The Apostles had been sent out by Jesus and reported back all that they had done (Mark 6:30). He knew that they needed to care for themselves, so they set out in the boat to go and rest. But, what did they find when they arrived? Over 5,000 people waiting to be fed both spiritually and physically. Despite their probable fatigue, they continued to minister to the needs of the crowd. Their rest was not long, but they did have time together in the boat away from the crowds. They also rested in the Lord as he spoke to them and the crowds. Self-care, therefore, does not mean long periods of time, but that which is needed to move us into fuller service for Christ.
When moments of self-care such as prayer, study and spiritual reading, appropriate times of rest and relaxation, or time with friends and family are neglected, living as an apostle who accompanies others into deeper life in Christ can become challenging. Self-care is not self-focus; it is not self-serving. Very often caregivers, especially of the elderly or infirmed, become ill themselves because they have not set apart time for self-care. It is understandable. They want to give fully to their loved ones. Those in ministry or the apostolate want to do the same for the beloved of Christ. In both instances, though, great damage can come to the caregiver—leaving them unable to care. Self-care is meant to assist in becoming more other-focused, more self-giving.
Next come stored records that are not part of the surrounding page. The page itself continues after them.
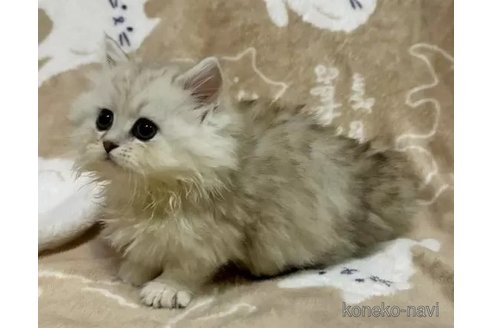 成約済の茨城県のミヌエット(短足)-102990の5枚目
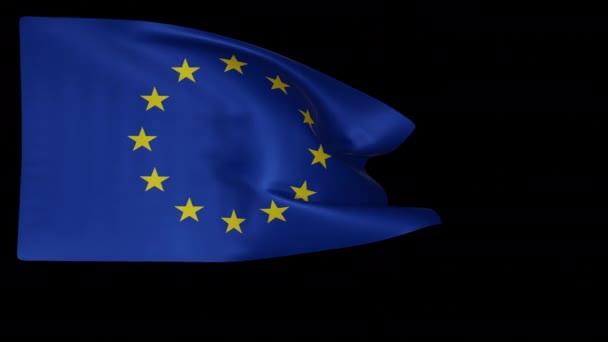 Europeiska unionens flagga — Stockvideo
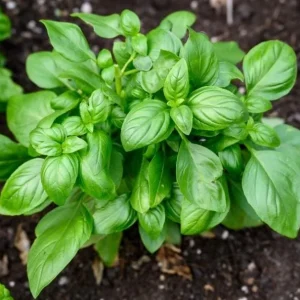 Sweet Basil Live Plants - Set of 3 Large Leaf Basil Herb Plant 3-5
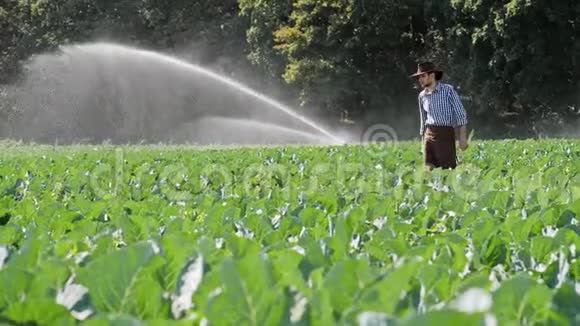 农民在水喷淋系统工作期间到他的种植园视频的预览图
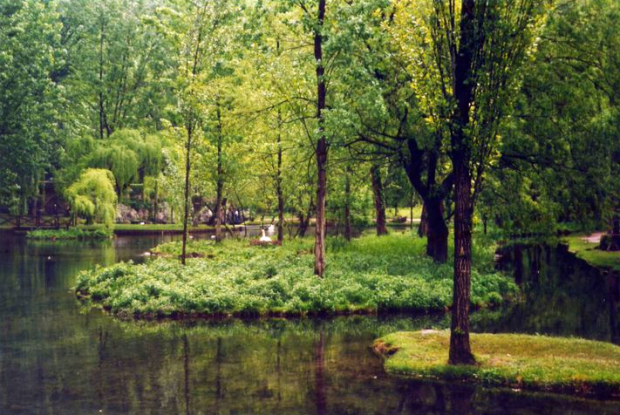 Aviary Photo_131038158997056464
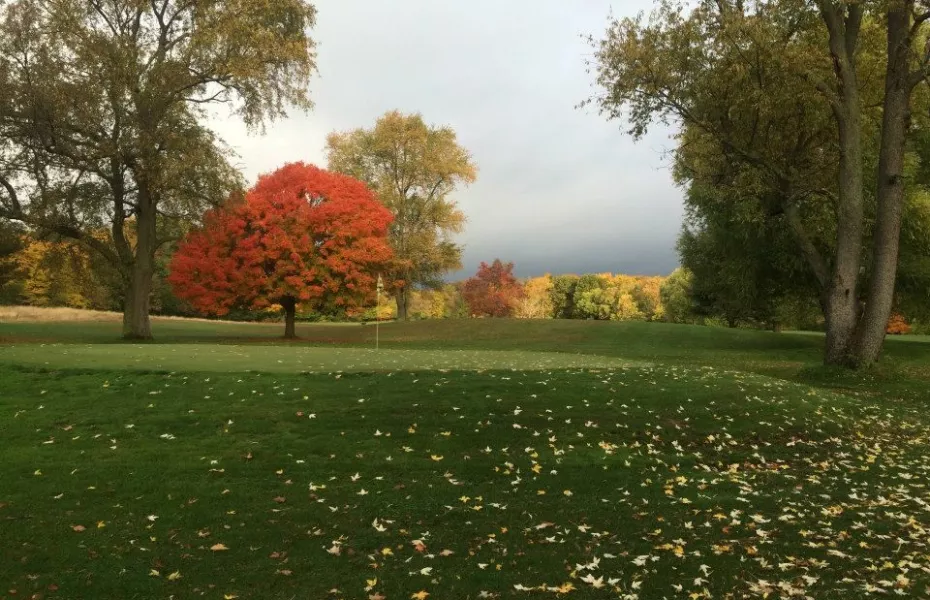 Limberlost GC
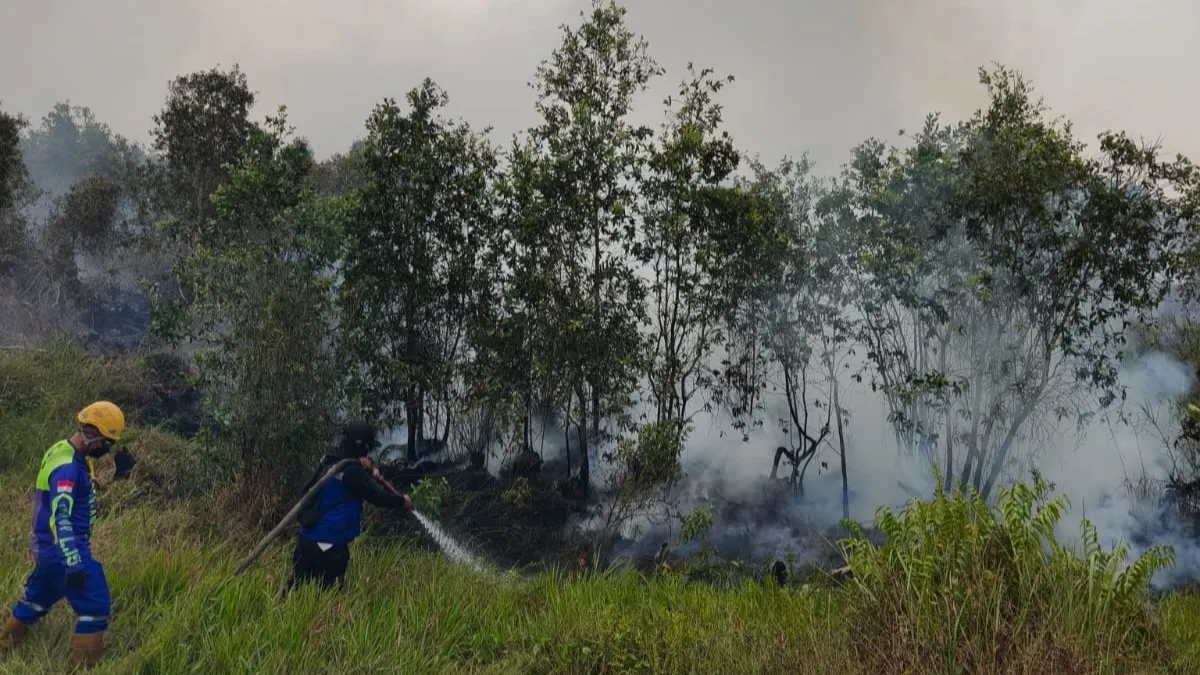 Karhutla Hanguskan 25 Hektare Lahan Guntung Damar Banjarbaru hingga Hari Keempat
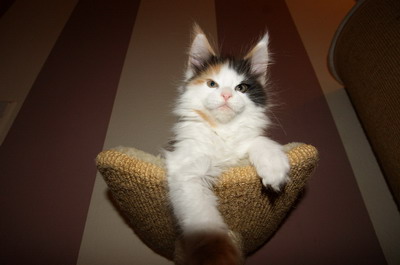 kielmoor_kitten_h_wurf_hetty23.jpg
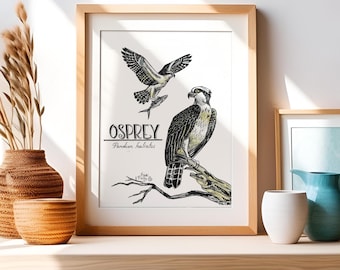Osprey Watercolor Illustration Art Print - Hand Drawn Bird Art - Nature Home Decor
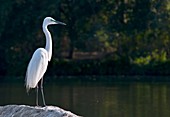 Great egret at water's edge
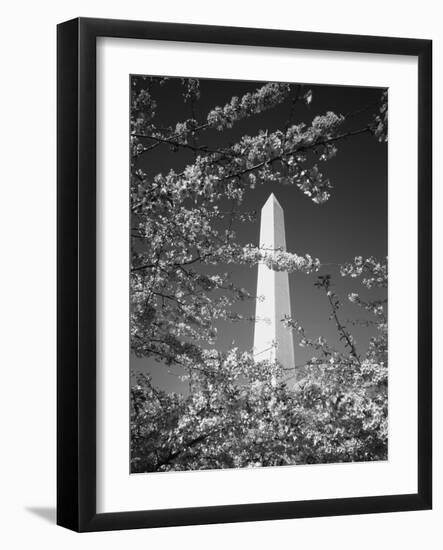 Monument with Cherry Blossom in Foreground, Washington DC, USA-Scott T. Smith-Framed Photographic Print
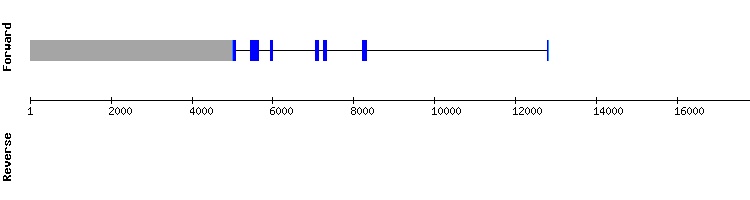gene structure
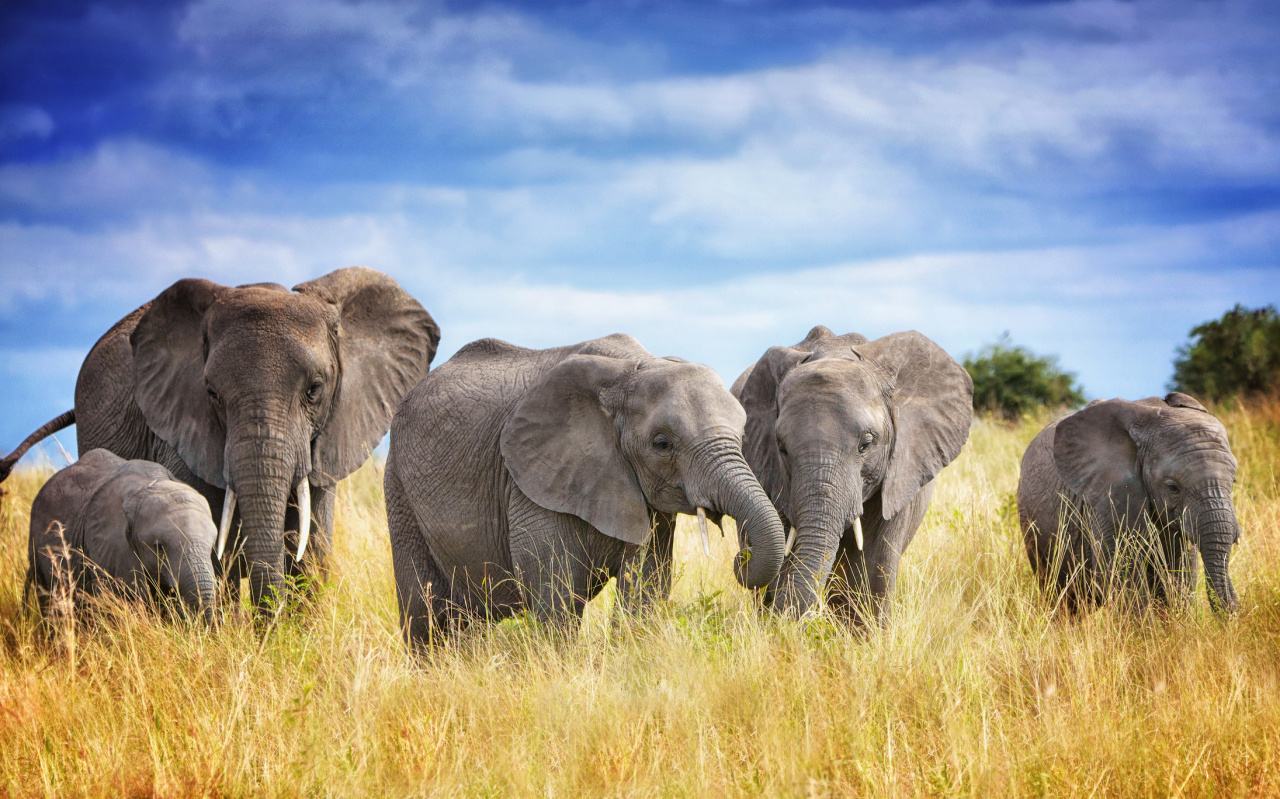 Słonie afrykańskie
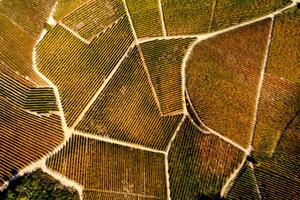Konstfotografering Barolo Wine Region in Autum, Piedmont, Italy, Andrea Pistolesi, (40 x 26.7 cm)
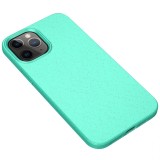 Husa TPU OEM Starry Series pentru Apple iPhone 12 Pro Max, Vernil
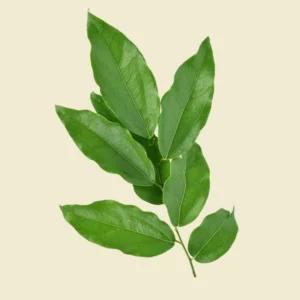 Yanang Leaves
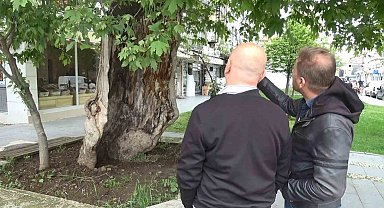 Dış kabuğunun üstünde duran asırlık çınar ağacı görenleri şaşkına çeviriyor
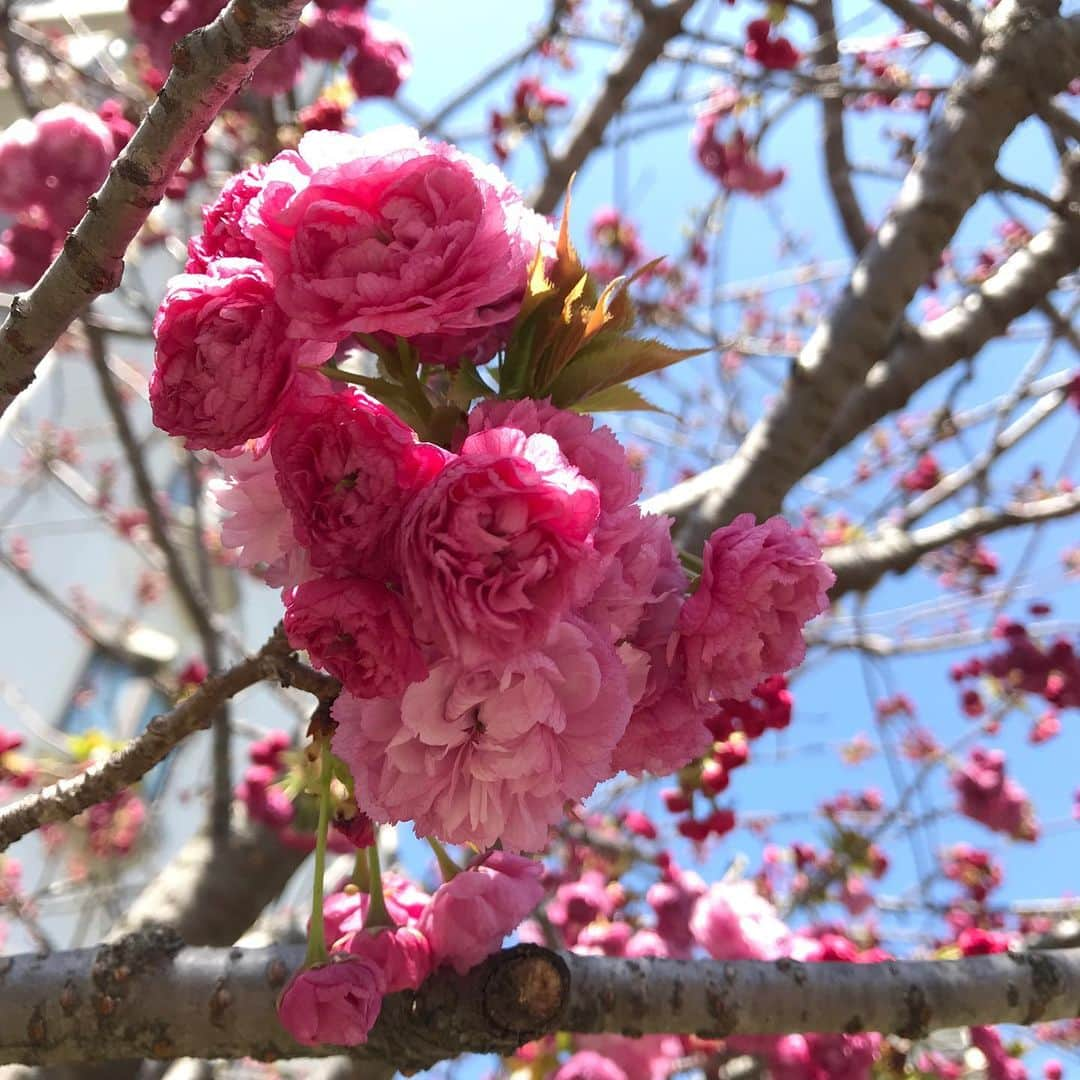 澤田亜紀さんのインスタグラム写真 - (澤田亜紀Instagram)「造幣局の桜の通り抜け🌸 さすが初日、すごい人でした(・ω・) ベビ様は、安定の花より団子(笑) #造幣局 #桜の通り抜け #花より団子」4月9日 13時13分 - aki_sawada_107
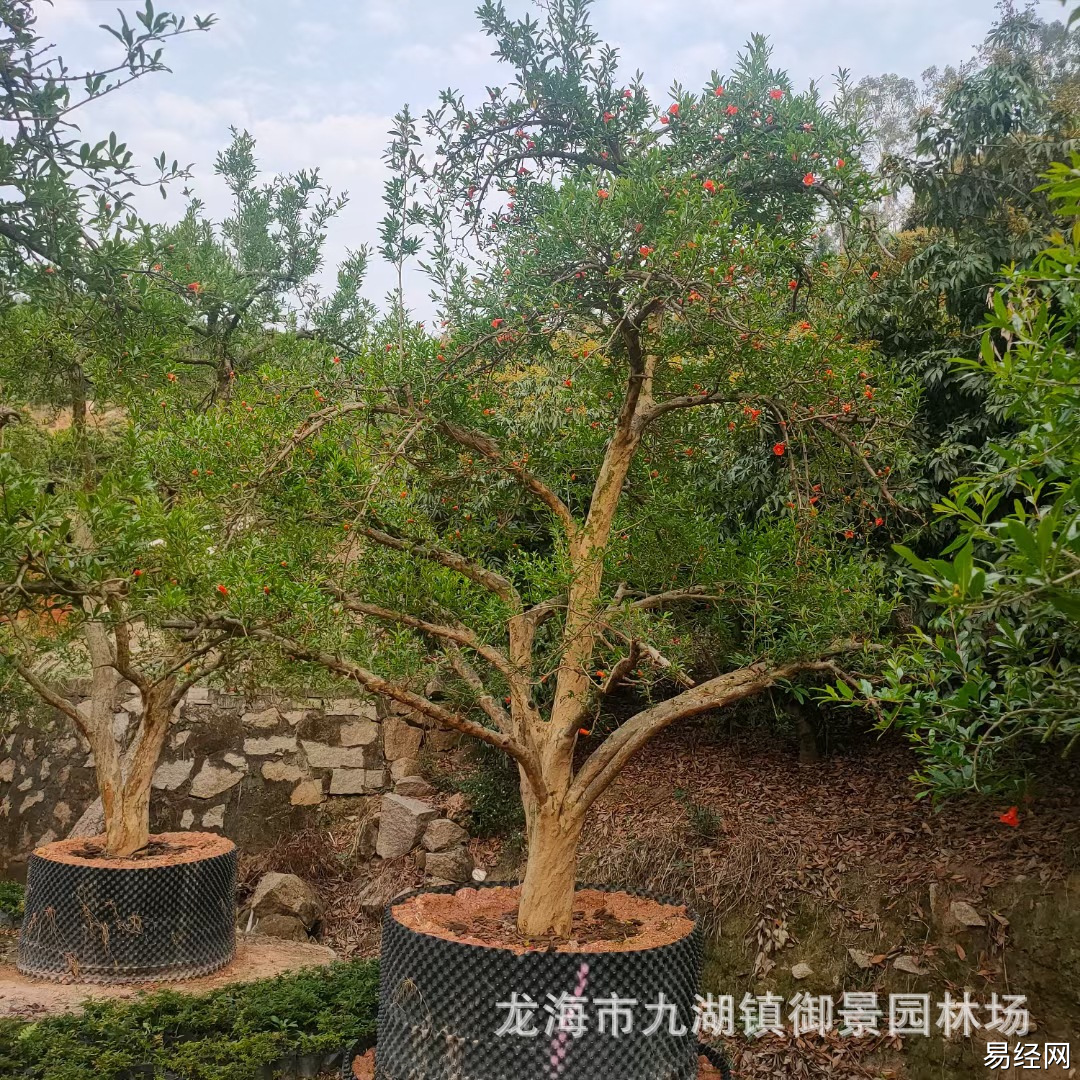 庭院 植物 风水_庭院种什么植物风水好又旺财_种什么植物旺财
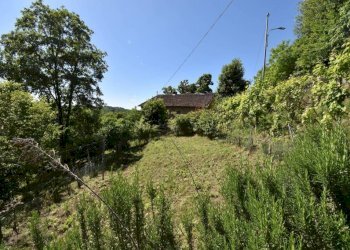 Terreno - Rustico via Giuseppe Mazzini, Belveglio - foto 24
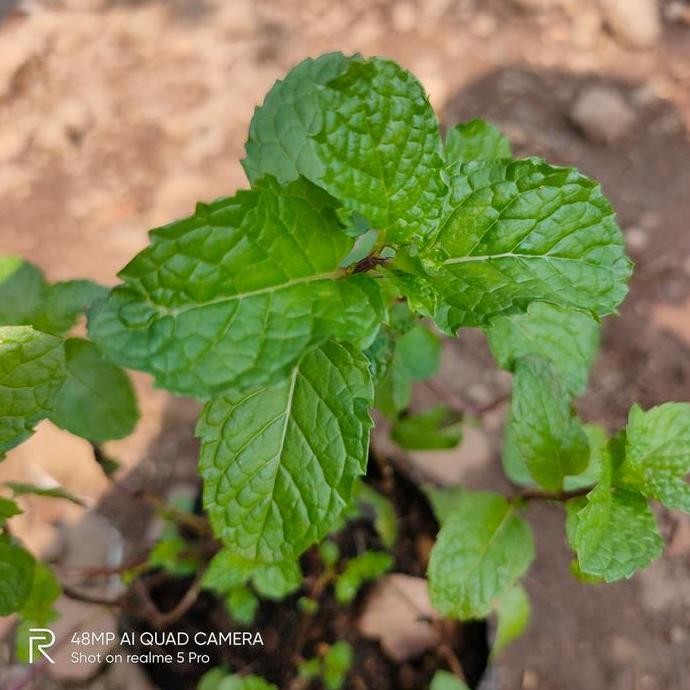 

Terlaris Bibit Tanaman Daun Mint Herbal (Mentha)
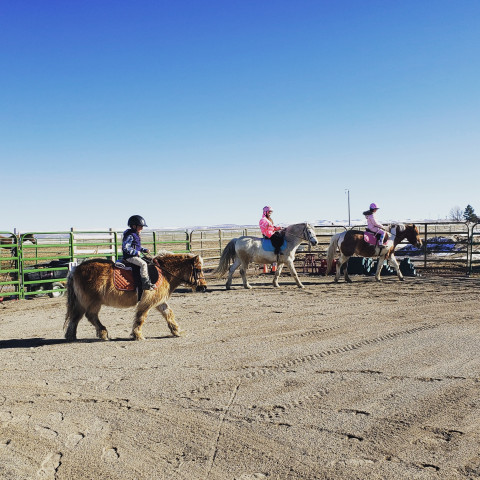 Visit Blackhawk Equestrian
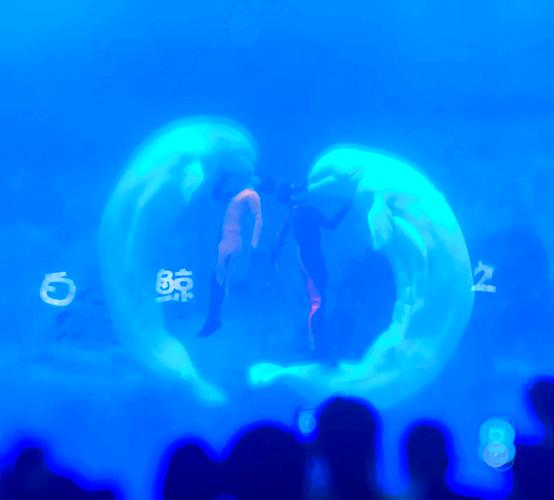 天津海昌极地海洋世界攻略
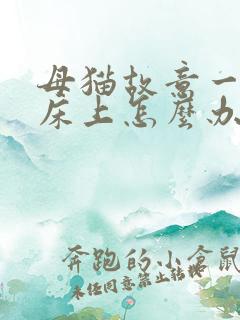 母猫故意一直尿床上怎么办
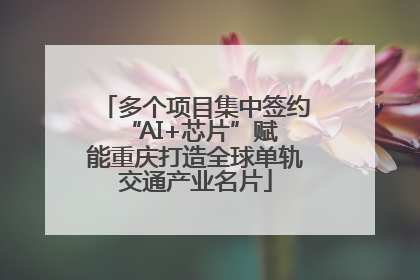 多个项目集中签约 “AI+芯片”赋能重庆打造全球单轨交通产业名片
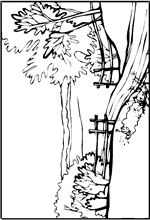 Kids-n-fun | 10 coloring pages of Landscapes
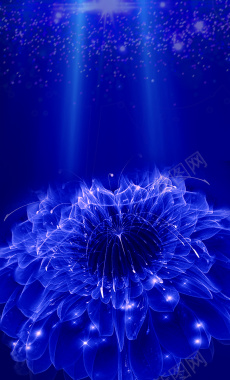 蓝色水晶花朵背景素材背景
In many ways, the great founder of Western monasticism, St. Benedict, whose feast day is today, understood well what is at the heart of Christian self-care – ora et labora – prayer and work in the context of a stable community life. When either are neglected, then one is not able to give fully for the Lord. Life in community, whether in a religious community such as a monastery, or in the community of faith, gives one a stable place to be accompanied, to grow in the spiritual life, and to rest with Christ, especially in the Eucharist. Relationships can be built in trust and burdens can be shared. Peace that comes from the Prince of Peace can then be found. It is this peace, love, and mercy that we share with others as his apostles.
In the last months, a former student of mine discerned that he is called to live as a Benedictine, another discerned that he is called to the Dominicans, another as a diocesan priest, and two others that they are called to marriage. Prior to these decisions, there was much prayer, but also a bit of a lack of inner peace. Accompanied by many, these young adults came to peace in their decisions as their way to follow Christ as his apostles. Please pray for them. Pray also for those, especially in ministry and apostolate, who are not properly caring for themselves. May we accompany them to care for themselves so that they may better care for the People of God.
May the Charity of Christ urge us on!